**REQUIRED ACTION**
Give back, word for word, the line that contains "A nod to Wednesday - Mug - white - Right" and all lines after it in the material, through the last; please include only these.

**DATA**
[Start of section]
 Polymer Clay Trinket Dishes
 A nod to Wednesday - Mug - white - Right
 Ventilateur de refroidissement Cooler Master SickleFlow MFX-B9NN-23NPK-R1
[End of section]
**PROBLEM SOLUTION**
 A nod to Wednesday - Mug - white - Right
 Ventilateur de refroidissement Cooler Master SickleFlow MFX-B9NN-23NPK-R1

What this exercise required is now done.